Brief descriptive captions
........

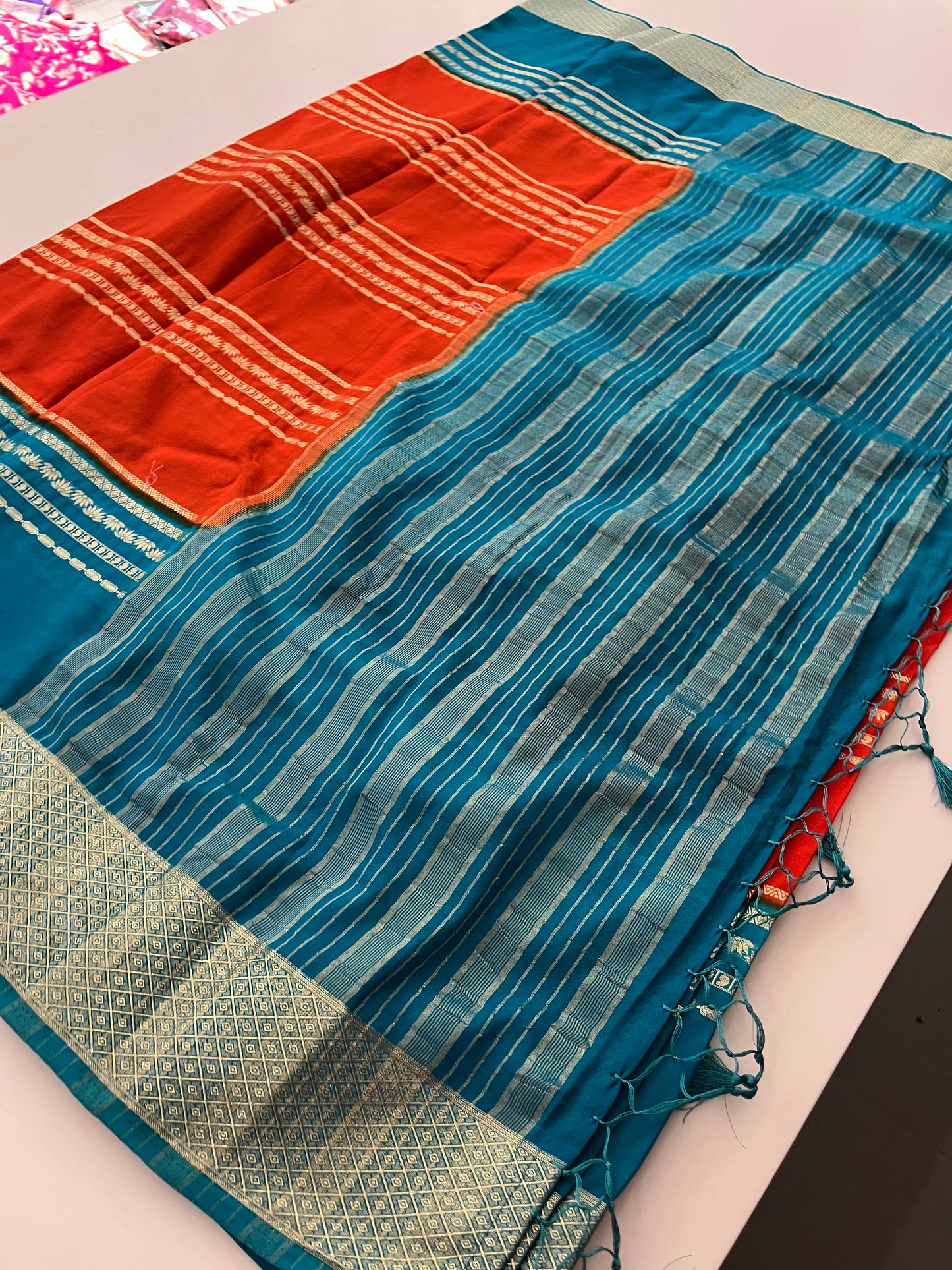 Ju2 Semi Mysore Silk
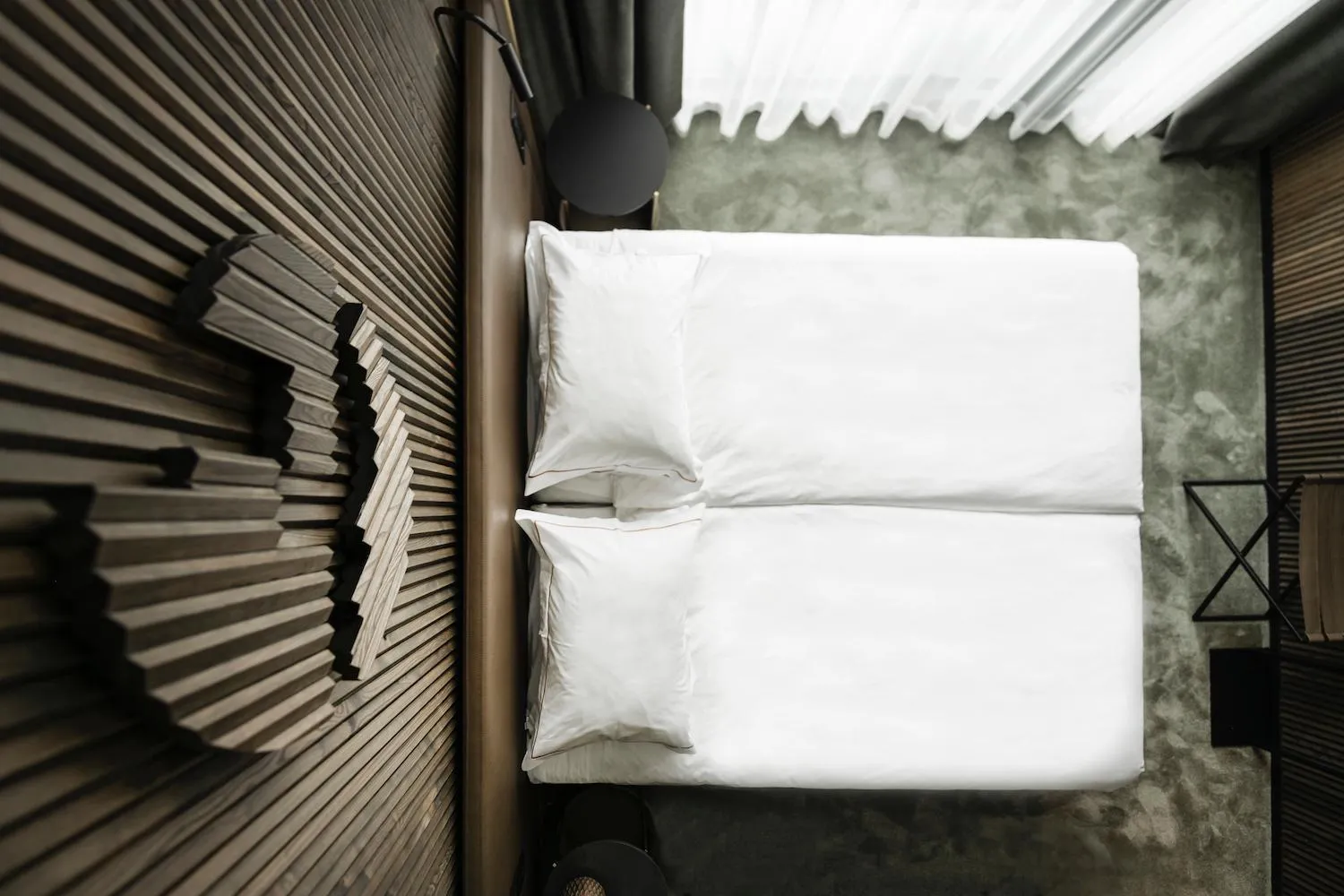 Bed in Amberton Green SPA Druskininkai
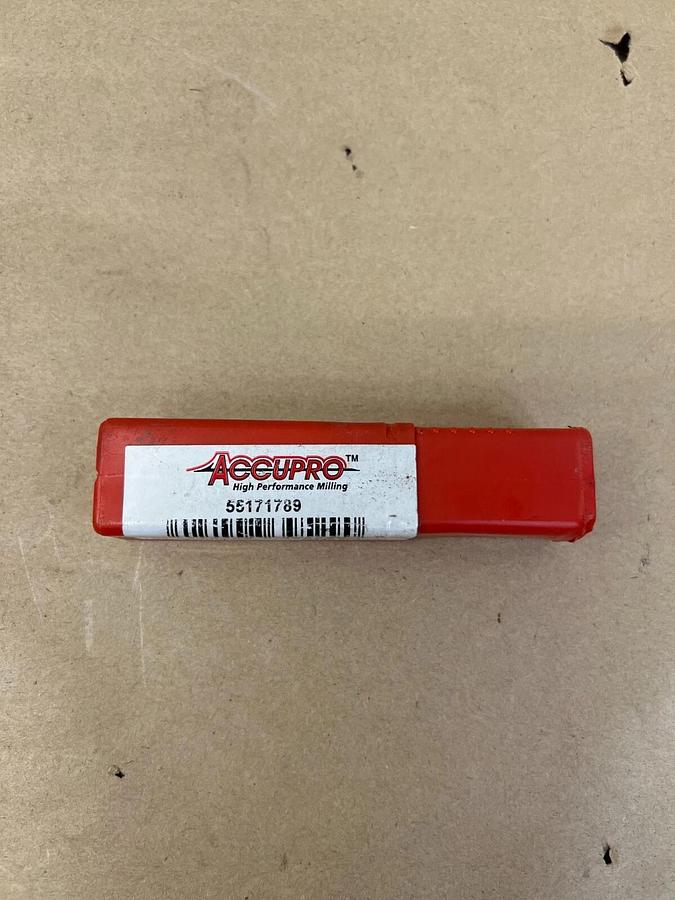 Used Accupro 55171789 3/4x3/4x1-5/8x3-7/8 Endmill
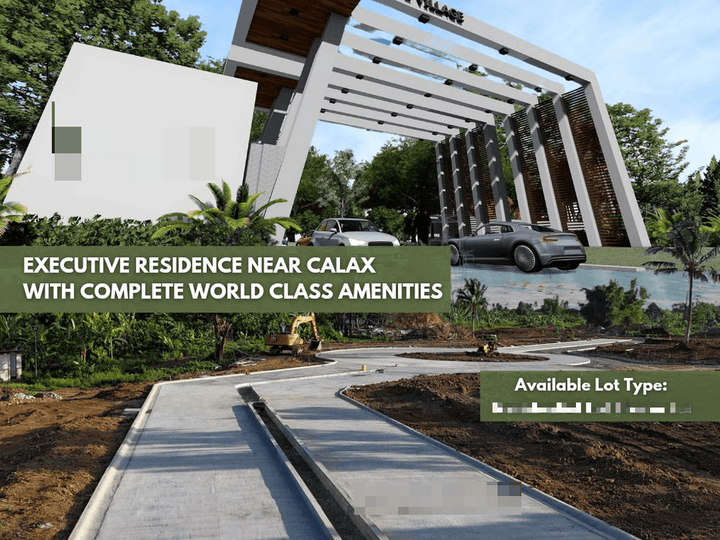 200 sqm Executive Residential Lot for Sale in Amadeo Cavite near CALAX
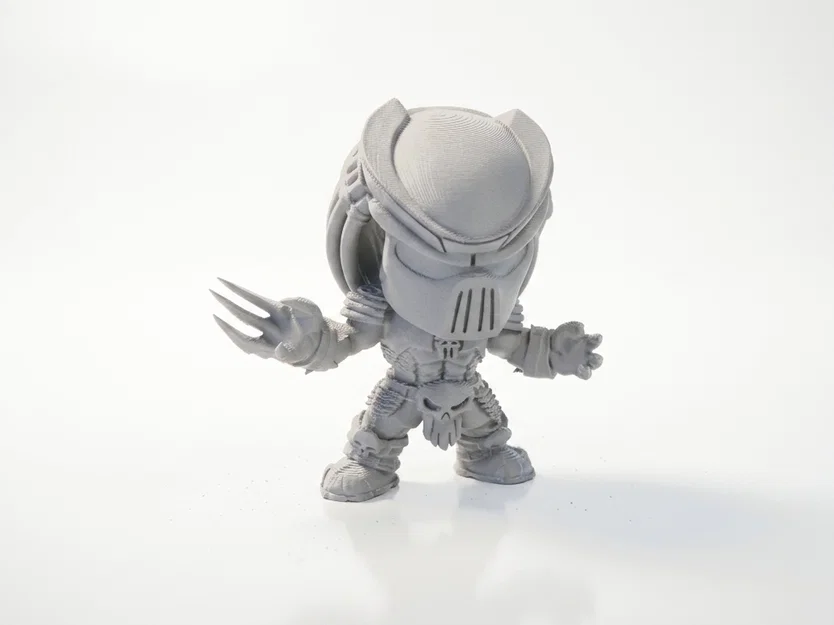 Mô hình 3D Predator Hybrid - Đồ chơi trang trí phim Sci-Fi độc đáo - Image 1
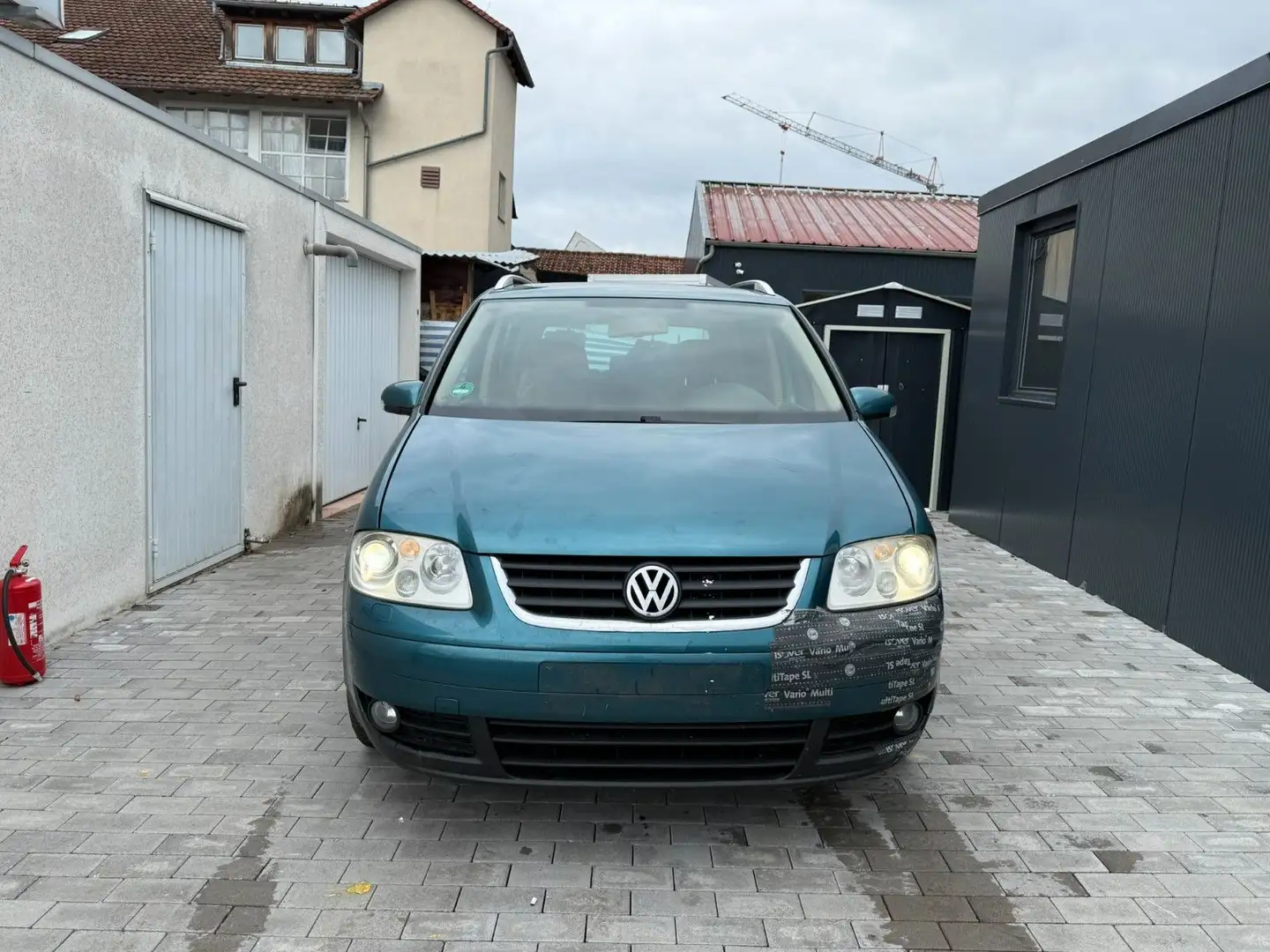 Volkswagen Touran Highline *Xenon*PDC*LEDER* Grün - 2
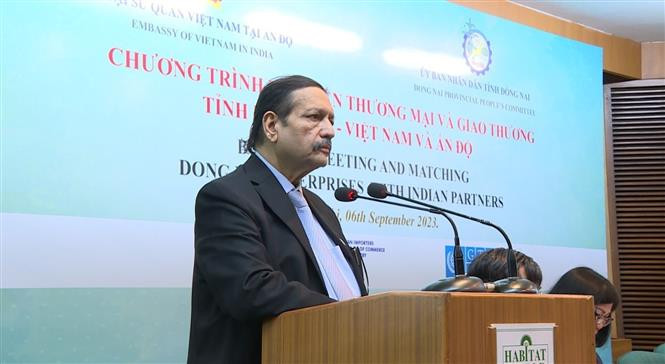 印度进口企业工商会主席阿图尔·库马尔·萨克塞纳。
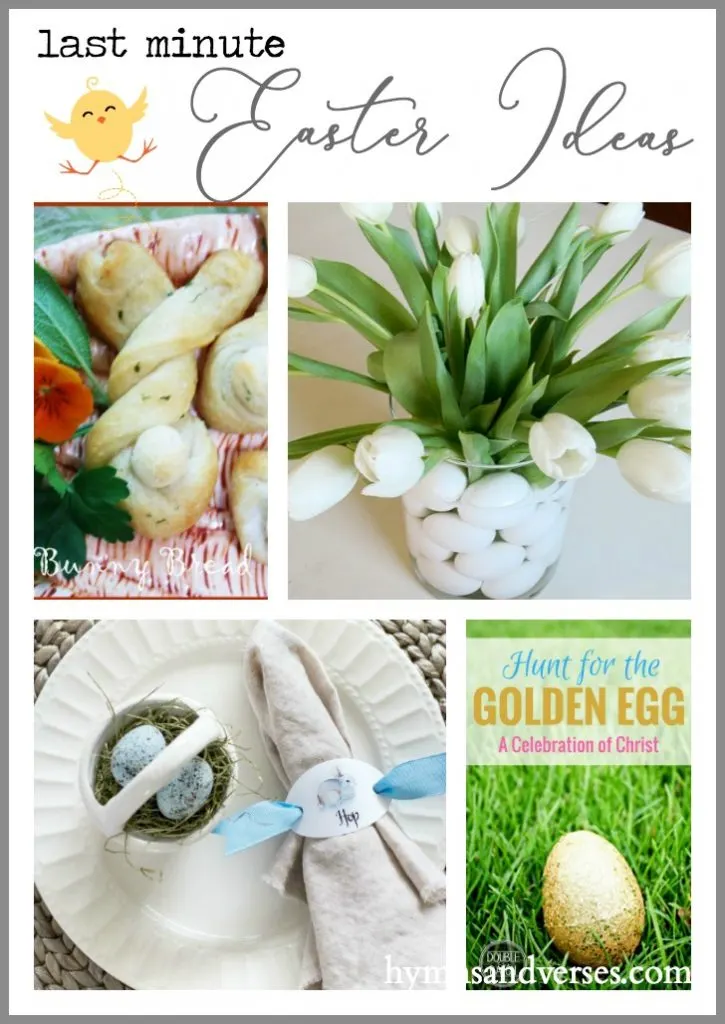 Last Minute Easter Ideas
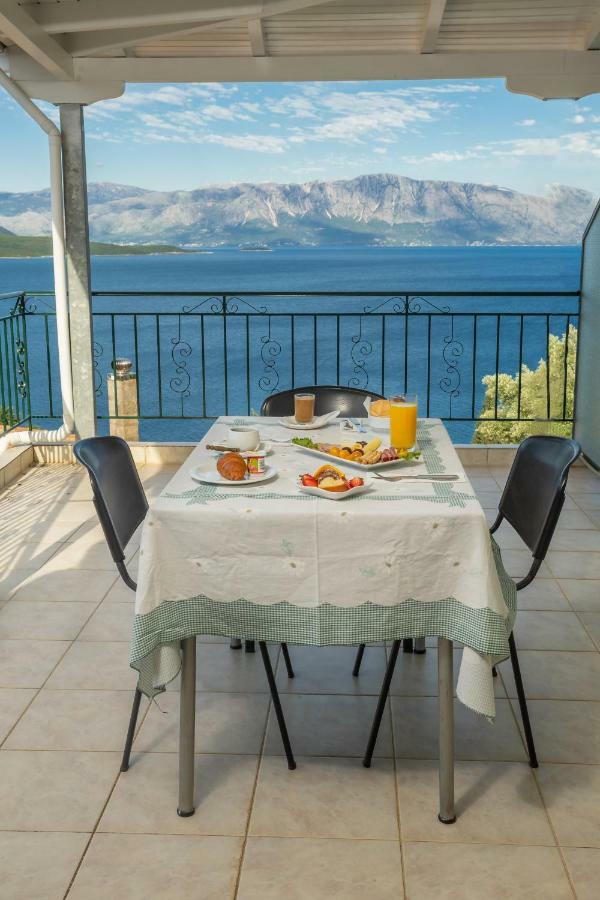 Ionian Melody Aparthotel Nikiana Buitenkant foto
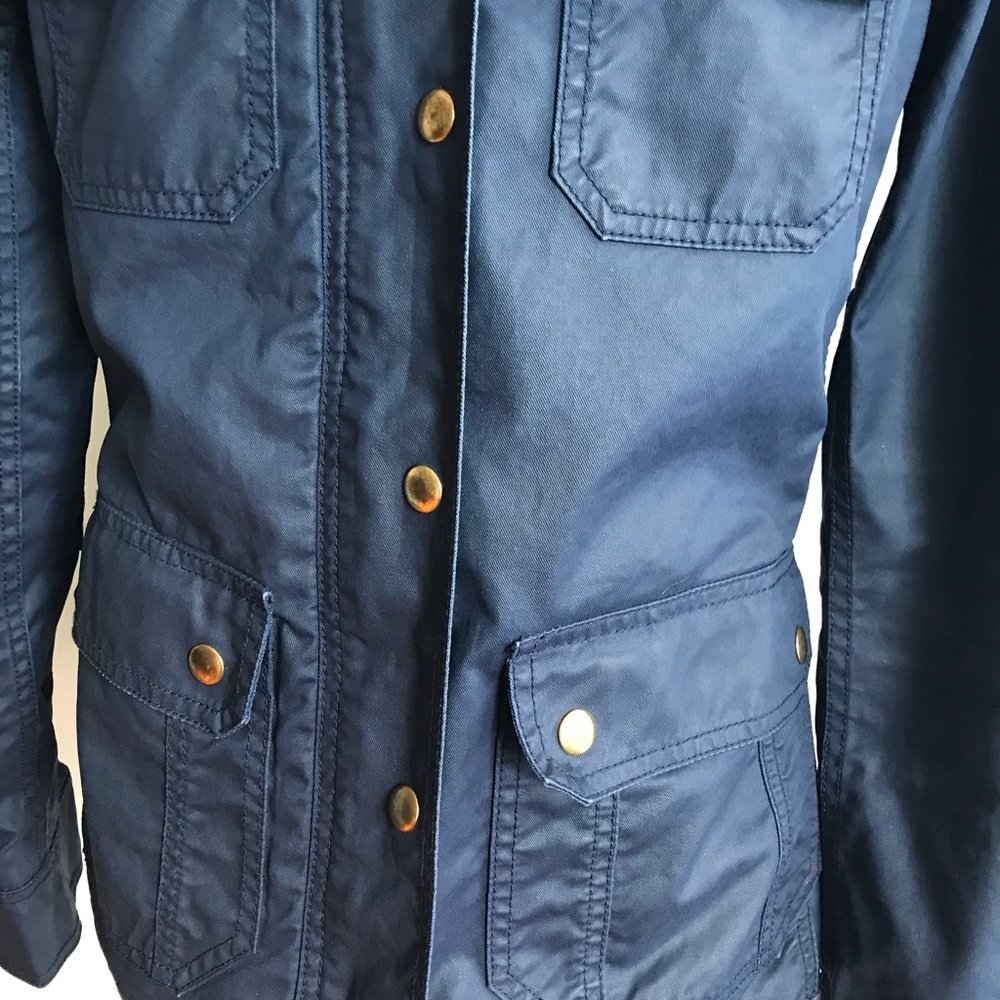 J.Crew navy field jacket - Picture 6 of 7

........

[Aim of the task]
Your task is to transcribe, exactly and without additions, every line from the one that contains "200 sqm Executive" to the end of the entries above, both included. Omit all pictures.

[Written solution]
 200 sqm Executive Residential Lot for Sale in Amadeo Cavite near CALAX
 Mô hình 3D Predator Hybrid - Đồ chơi trang trí phim Sci-Fi độc đáo - Image 1
 Volkswagen Touran Highline *Xenon*PDC*LEDER* Grün - 2
 印度进口企业工商会主席阿图尔·库马尔·萨克塞纳。
 Last Minute Easter Ideas
 Ionian Melody Aparthotel Nikiana Buitenkant foto
 J.Crew navy field jacket - Picture 6 of 7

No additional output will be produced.